**What is needed**
No pictures belong in the copy, but every line of the material below must be reproduced exactly.

**Material to process**
+++

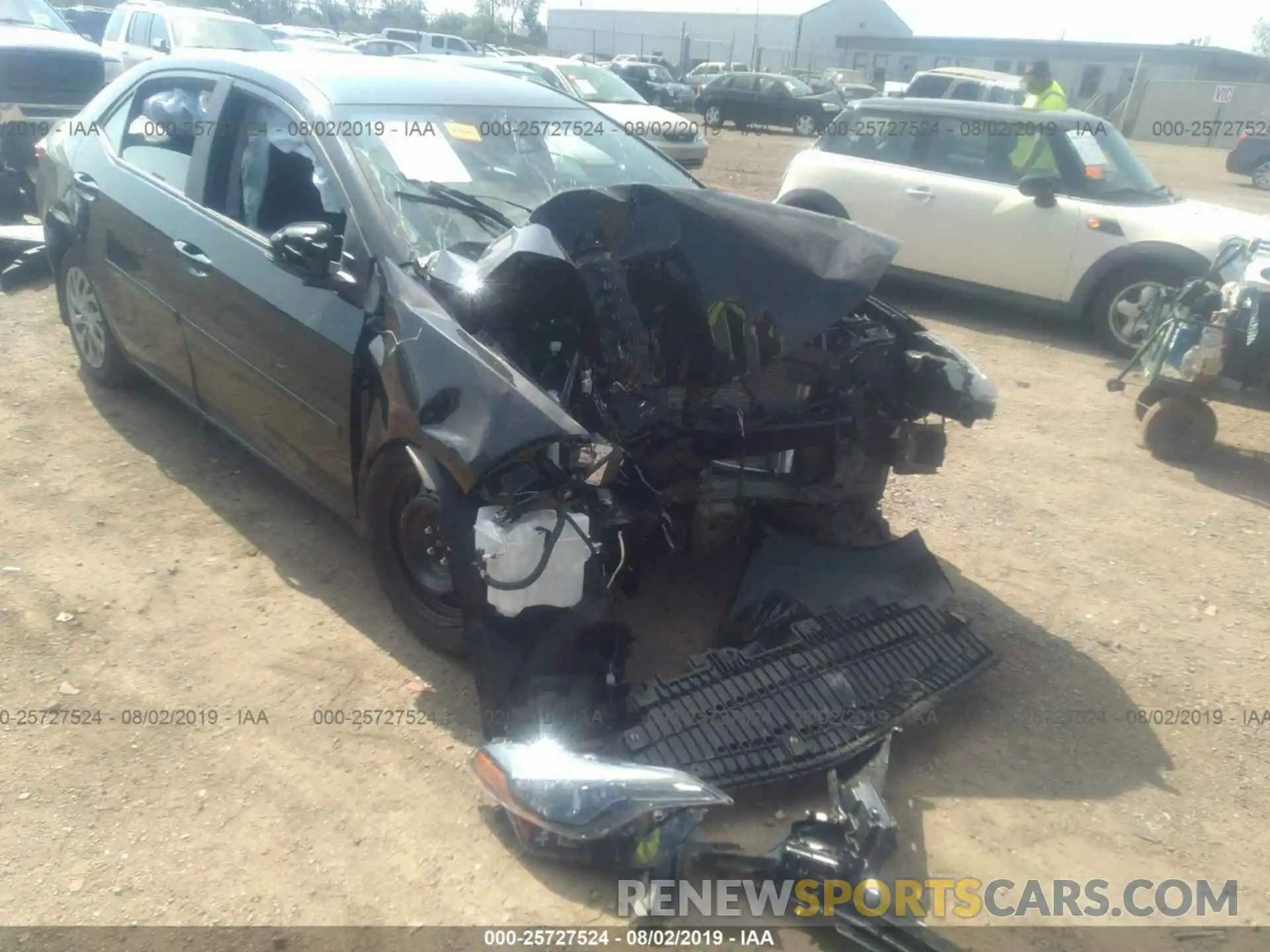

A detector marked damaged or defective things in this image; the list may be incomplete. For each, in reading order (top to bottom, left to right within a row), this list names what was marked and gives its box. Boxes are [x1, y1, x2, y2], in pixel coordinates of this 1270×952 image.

shattered windshield [0, 0, 71, 30]
shattered windshield [173, 16, 274, 50]
shattered windshield [556, 63, 645, 104]
shattered windshield [343, 103, 700, 261]
crumpled hood [429, 182, 904, 391]
damaged gray sedan [34, 52, 995, 772]
detached bumper cover [619, 604, 995, 792]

+++

**Response to the task**
A detector marked damaged or defective things in this image; the list may be incomplete. For each, in reading order (top to bottom, left to right within a row), this list names what was marked and gives its box. Boxes are [x1, y1, x2, y2], in pixel coordinates of this 1270×952 image.

shattered windshield [0, 0, 71, 30]
shattered windshield [173, 16, 274, 50]
shattered windshield [556, 63, 645, 104]
shattered windshield [343, 103, 700, 261]
crumpled hood [429, 182, 904, 391]
damaged gray sedan [34, 52, 995, 772]
detached bumper cover [619, 604, 995, 792]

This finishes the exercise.